Nick Robeson, chairman of the Interim Management Association (IMA), said that the way interims are used has changed, with more clients aware of their benefits.
Robeson was speaking as the IMA released its findings from its first annual Ipsos MORI survey into the interim market.
“I think what leapt off the page for me was that 70% of assignments were non-stopgap related opportunities,” Robeson told Recruiter. “Organisations can see the strategic benefits of using interims, rather than just acting as stopgaps.”
In the survey, change and transition management, along with programme and project management, polled 25% of the votes as the top reasons for using interims.
About £1bn a year is paid to interim managers, compared with £500m in 1996.

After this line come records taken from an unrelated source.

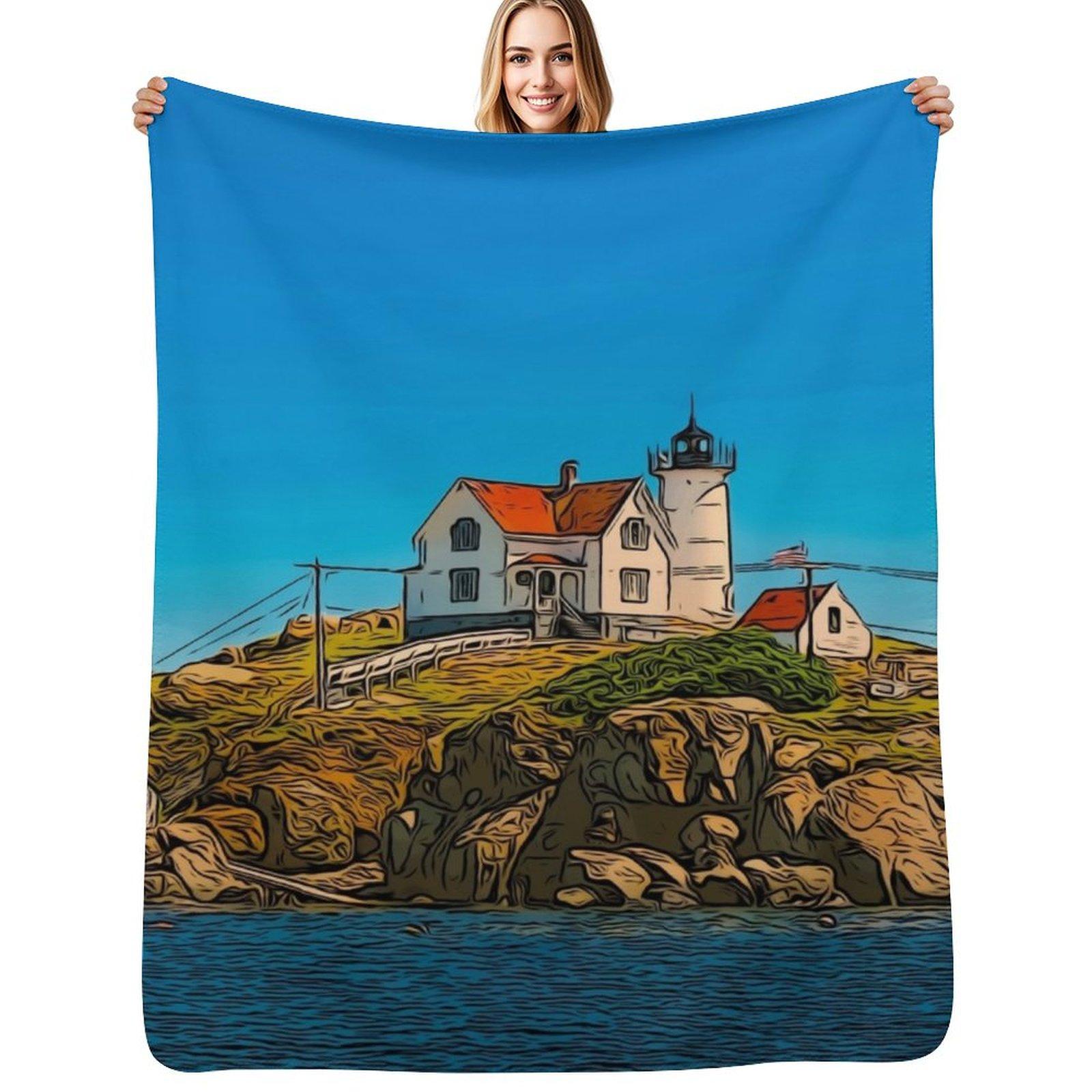 Nubble Lighthouse Maine Nautical Print Throw Blanket Warm Cozy Throw Blanket for Living Room Couch Size: 75*100cm, Weight: 230 GSM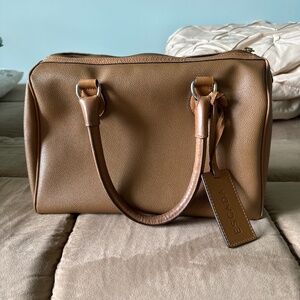 VINTAGE Escada Tan Camel Leather Satchel Tote Bag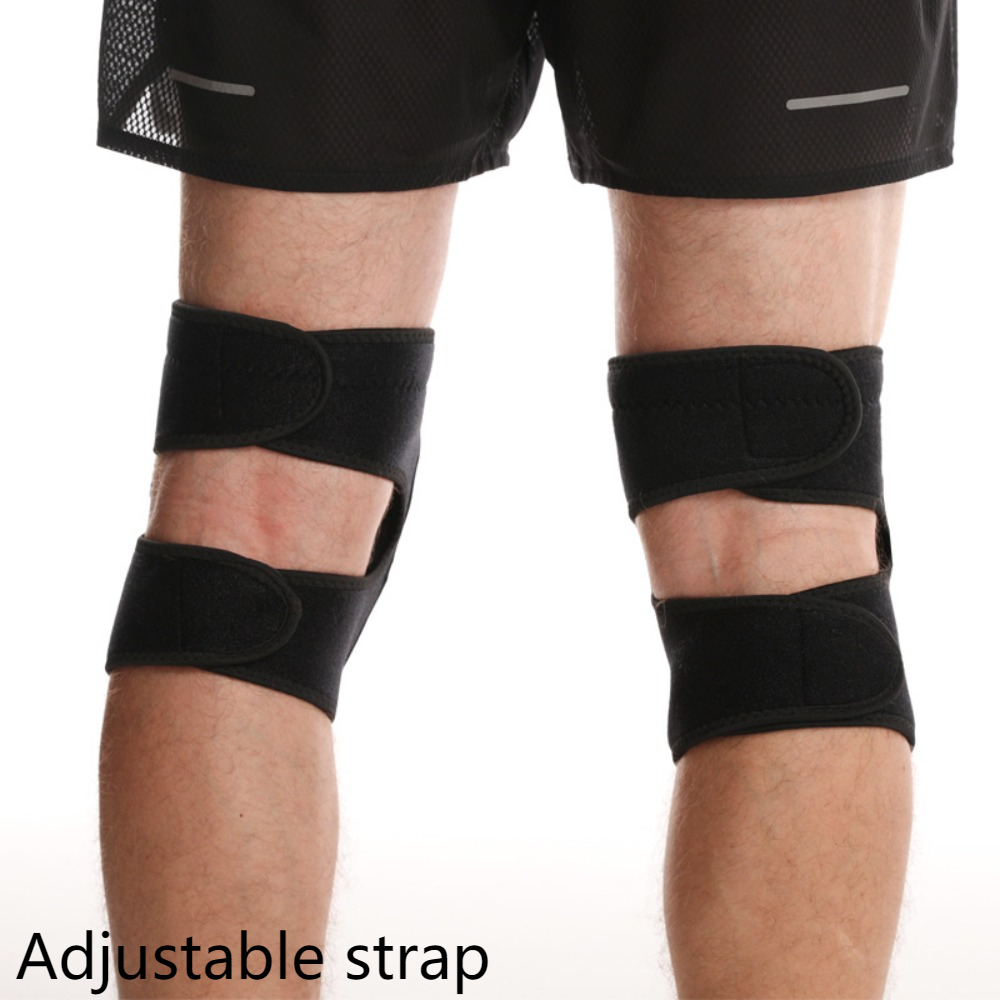 2Pcs/1Pair Double Straps Sponge Knee Pads Sports Support Protective Turtle Shell Knee Protector Thicken Elastic Knee Braces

Robeson said: “Nowadays, with more lean management structures, organisations are recognising the immediate requirement of external capability to implement major, strategic programmes.”
But, whereas in the past firms would call in management consultants to advise existing staff, these firms were now recognising that interims might offer a better way of gaining this expertise.
HR was the most common job function performed by interims at 26%, followed by finance at 16%, with marketing and special projects each at 15%.
Crisis management, which has long been thought to be the preserve of interims, comes in at a relatively low 9%.
Nearly a third more assignments were in the private sector, with 62% against 38% from the public sector.